O Rio de Janeiro terá de volta no próximo dia 27 de julho um dos seus prédios mais charmosos. Após dois anos e meio de obras que recuperaram décadas de abandono, serão retirados os tapumes que cercam o antigo “Grande Hotel Bragança”, ao lado dos Arcos da Lapa, endereço que já hospedou nomes como Noel Rosa e Di Cavalcanti. O edifício famoso pelos dois torreões que arrematam seu telhado foi completamente recuperado e transformado no 55/RIO Hotel, nome que homenageia o país e a cidade.

O 55/RIO Hotel é resultado do investimento de dois grupos: o brasileiro Gamaro e o norte-americano Klaff Realty. O empreendimento exigiu um investimento de R$ 60 milhões aplicados no restauro das características originais das fachadas do prédio de estilo arquitetônico eclético, na construção de um anexo e nas instalações, para oferecer 120 apartamentos, além do bar e do restaurante que serão abertos ao público.

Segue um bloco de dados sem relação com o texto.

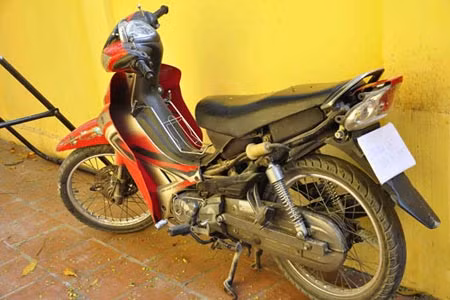 Chiếc xe tang vật.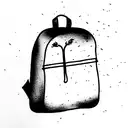 backpack  tattoo design idea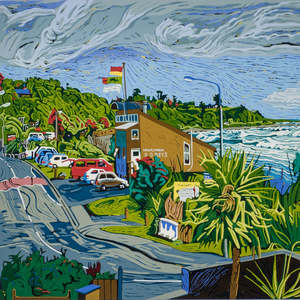 Artist Marianne Muggeridge: Lifesavers, Oakura - Giclee print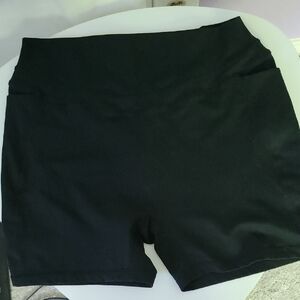 Senita Athletics Black High Waist 5 In Shorts
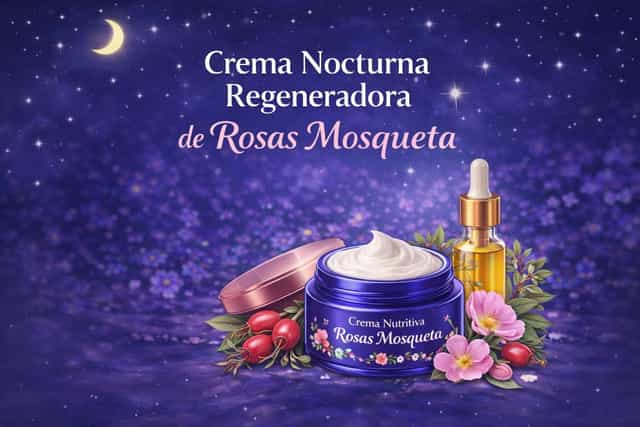 Crema de rosa mosqueta nocturna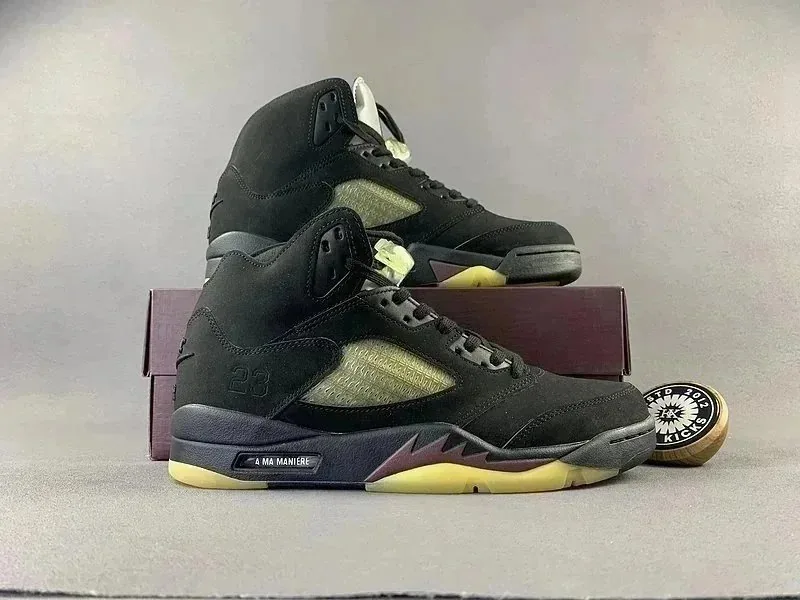 Jordan 5 Black Court Trainers — Photo 2
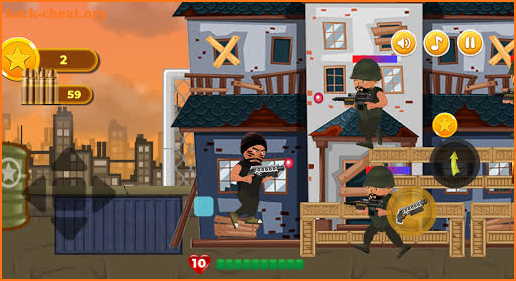 Revenge of Hero: 2D Platform Action Shooter Games. screenshot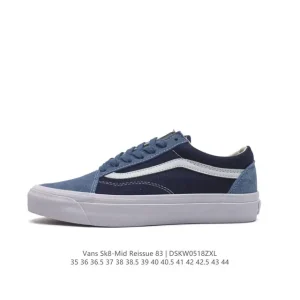 Vans Sk8-Mid Classic Canvas Skate Shoes for Men and Women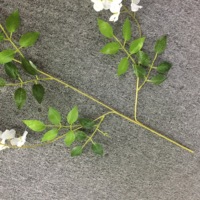 Lot de 12 guirlandes artificielles de glycine en soie, fleurs faites à la main, pour décoration de maison, fête, mariage, Noël, remise de diplôme, Nouvel An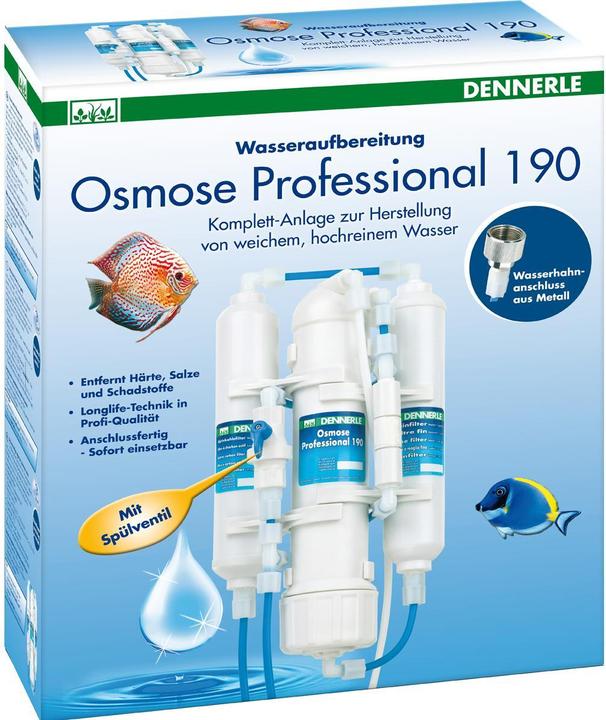 Dennerle Osmosi professionale 190 (Filtri interni, Acqua marina)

A obra também recuperou o prédio vizinho que, apesar de ter sido incorporado ao novo hotel, manteve suas características arquitetônicas originais preservadas. Nesse conjunto de frente dos dois edifícios antigos, ficam as 14 suítes mais imponentes do 55/RIO Hotel, duas delas com pé direito duplo, 37m² de área e decoração que mescla peças antigas com outras de design mais arrojado. Já na parte de trás do terreno foi erguido o anexo de vidro, aço e concreto num estilo totalmente moderno, arquitetonicamente e visualmente independente do prédio antigo. Em seus oito pavimentos estão dispostos 106 quartos, uma academia de ginástica e um terraço que, pelo imenso potencial da vista e da localização do Hotel, tem vocação de se transformar em um verdadeiro “Point” da noite na Lapa. Localizado no último andar do edifício e cercado apenas por um guarda corpo de vidro transparente, o espaço dará aos seus visitantes um angulo único da cidade, com pano de fundo os Arcos da Lapa e a Catedral do Rio de Janeiro. O contraste entre o que há de mais moderno e o resgate do passado foi a tônica dessa obra que contou com a experiência e criatividade do arquiteto Jean de Just para o Projeto de Decoração.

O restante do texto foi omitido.